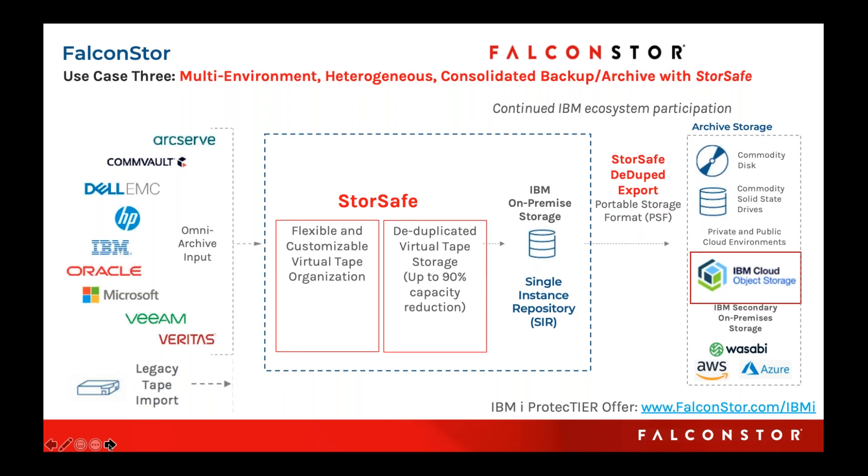We always say we're hardware agnostic. Absolutely true — we don't sell hardware, but we are certified with so many hardware platforms. We're hypervisor agnostic. Our StoreSafe VM can run in Hyper-V, Linux, KVM, and LPAR. On the front end, any backup software can write to us, and that includes import from physical tape libraries. All of that can take advantage of our global deduplication repository, and all of that can take advantage of our hardware-agnostic backend from a storage perspective, whether you write to commodity storage or whether you export out to containers. When we say agnostic, we really mean it — even on the cloud side, any cloud could be your target for your containers.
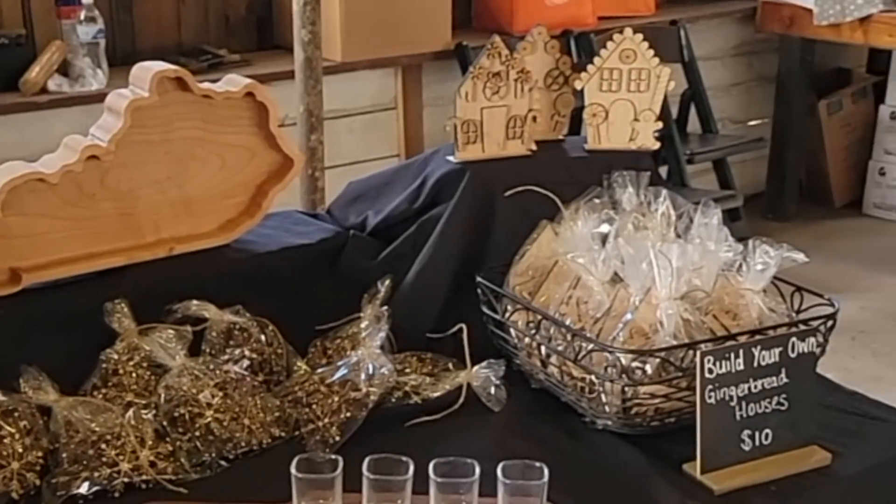Something else that worked well is having smaller items at lower price points. We sold over 40 DIY gingerbread houses for $10 a piece. If someone doesn't want a bigger item, having something small, unique, and cute for the kids is really powerful. We brought in over $400 in revenue just from that $10 item.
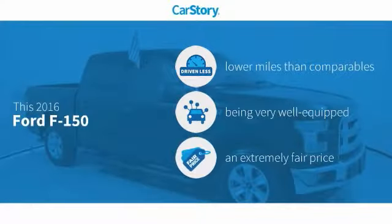Car story research indicates this vehicle as having lower miles with less wear and tear, loaded with features, and a fair price.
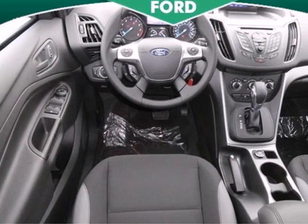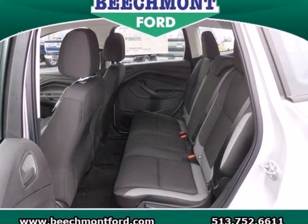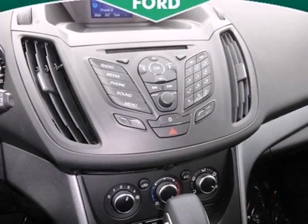This Escape makes your trip a little easier with a CD player and steering wheel mounted audio controls. With standard safety features like stability and traction control and anti-lock brakes, you'll feel more confident too.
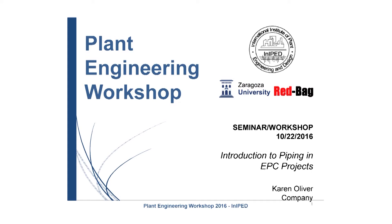Good morning, I'm Karen Oliver. I'm going to be with you this short period of time to talk a little bit about piping in EPC projects.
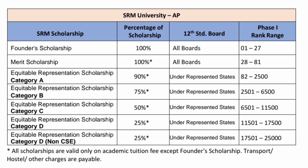For SRM AP, the first two scholarship categories — Founders and Merit — remain the same, with 100% scholarship for ranks up to 81. They offer 90% scholarship for ranks between 82 and 2,500, which is excellent. 75% scholarship is given for ranks 2,500 to 6,500, which is also excellent. For ranks 6,500 to 12,000 they give 50% scholarship, and for 11,500 to 17,500 they give 25% scholarship. For non-CSE branches with ranks between 17,500 to 25,000, there is another 25% scholarship under Category D non-CSE.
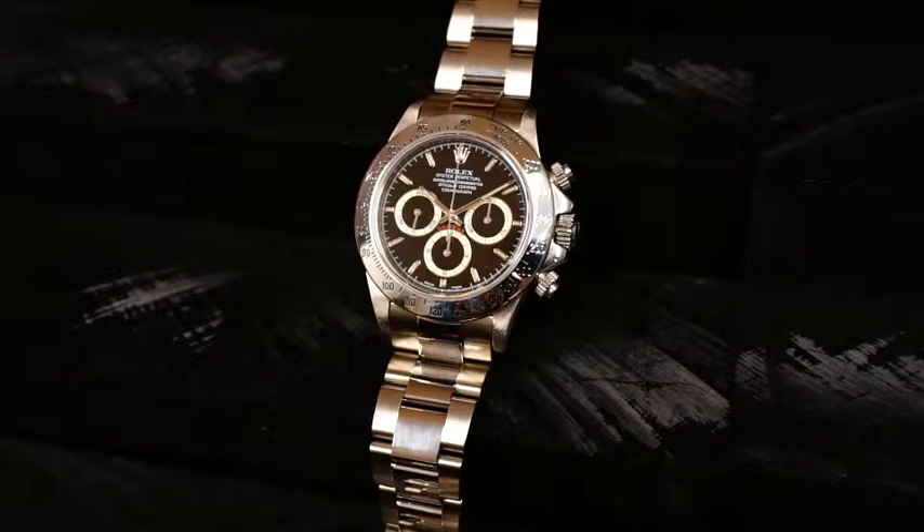Hello, my name is Tyler Saint-Gelais and this is another Jones & Horan video preview. Today we're going to be talking about a very special little Rolex. This is a reference 16520 Cosmograph Daytona.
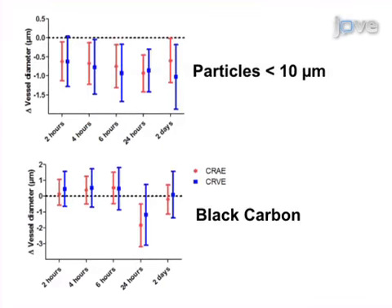The results show a statistically significant decrease in CRAE and CRVE in healthy adults during a period of increased air pollution, indicating that the retinal microvasculature has a fast response to air pollution.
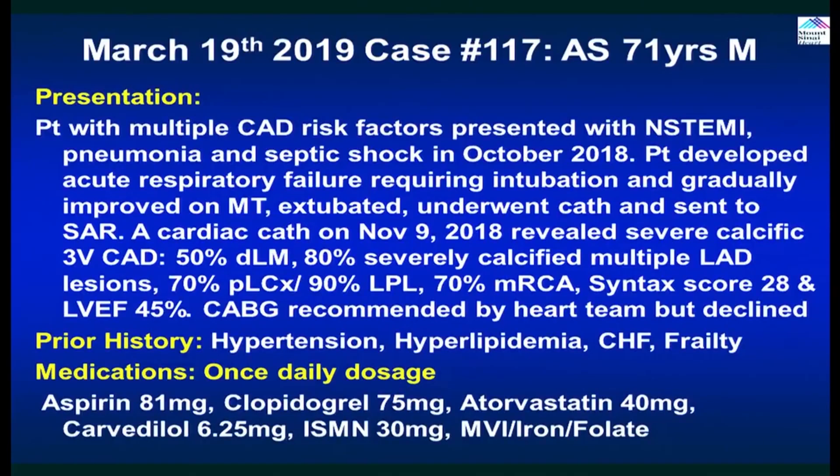Good morning and welcome to our monthly webcast. I'm your moderator Samir Mehta, this is session 117. A 71-year-old frail patient with CID risk factors presented with non-STEMI, had comorbid conditions including pneumonia, septic shock, was intubated and extubated, recovered, went to subacute rehab, then came back. Because it was done at an outside hospital they missed three-vessel disease. He continued to do well but had continued symptoms leading to angiography and consultation by a surgeon. Given frailty and family decision, patient was chosen for PCI rather than coronary artery bypass surgery.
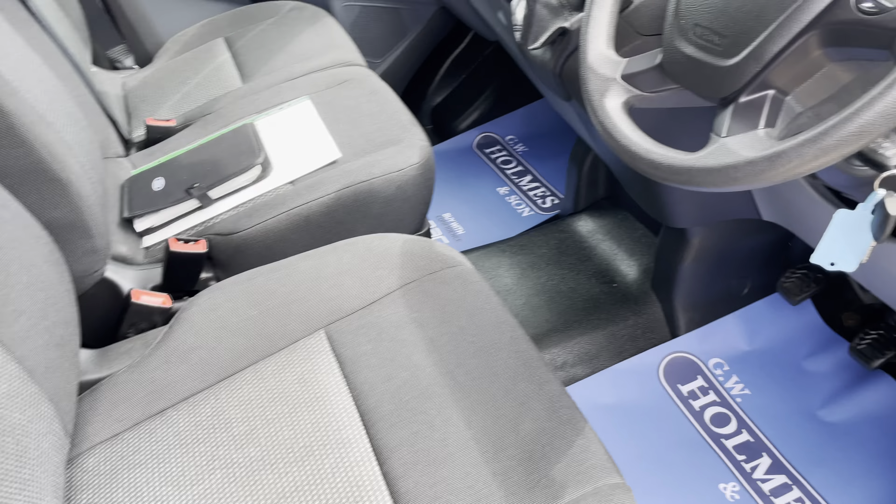We are getting asked for a lot of these at the moment and have sold quite a few recently. With it being the short wheelbase high roof, obviously with the camper conversion market booming, we are getting asked for them quite a bit. So I can't see this van staying around long.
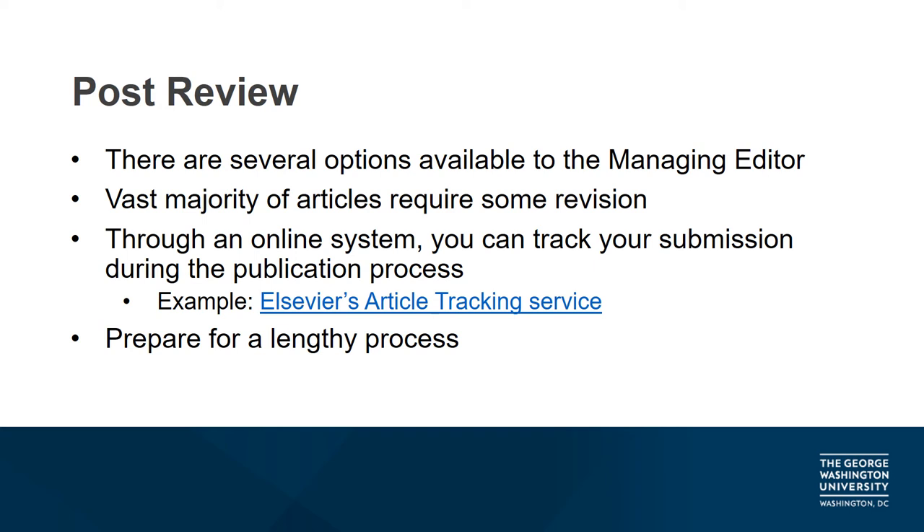Again, this is not a guarantee of publication, but an opportunity for further review. Some manuscripts go through multiple stages of revisions, so be prepared for a process that can take weeks or months. Once this entire process is complete, the manuscript will be handed over to the journal's production team, who will work to polish it before its publication date. Some publishers have online systems that allow you to track your manuscript if it's accepted by the journal — an example of this is Elsevier's article tracking service, which allows you to check the current status of your manuscript during the publication process.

**TRY IT**: What is needed is an exact copy of the lines from the beginning of the data through the line containing "Good morning, I'm", both included, without any pictures.

**OUTPUT OF THE EXERCISE**:
We always say we're hardware agnostic. Absolutely true — we don't sell hardware, but we are certified with so many hardware platforms. We're hypervisor agnostic. Our StoreSafe VM can run in Hyper-V, Linux, KVM, and LPAR. On the front end, any backup software can write to us, and that includes import from physical tape libraries. All of that can take advantage of our global deduplication repository, and all of that can take advantage of our hardware-agnostic backend from a storage perspective, whether you write to commodity storage or whether you export out to containers. When we say agnostic, we really mean it — even on the cloud side, any cloud could be your target for your containers.
Something else that worked well is having smaller items at lower price points. We sold over 40 DIY gingerbread houses for $10 a piece. If someone doesn't want a bigger item, having something small, unique, and cute for the kids is really powerful. We brought in over $400 in revenue just from that $10 item.
Car story research indicates this vehicle as having lower miles with less wear and tear, loaded with features, and a fair price.
This Escape makes your trip a little easier with a CD player and steering wheel mounted audio controls. With standard safety features like stability and traction control and anti-lock brakes, you'll feel more confident too.
Good morning, I'm Karen Oliver. I'm going to be with you this short period of time to talk a little bit about piping in EPC projects.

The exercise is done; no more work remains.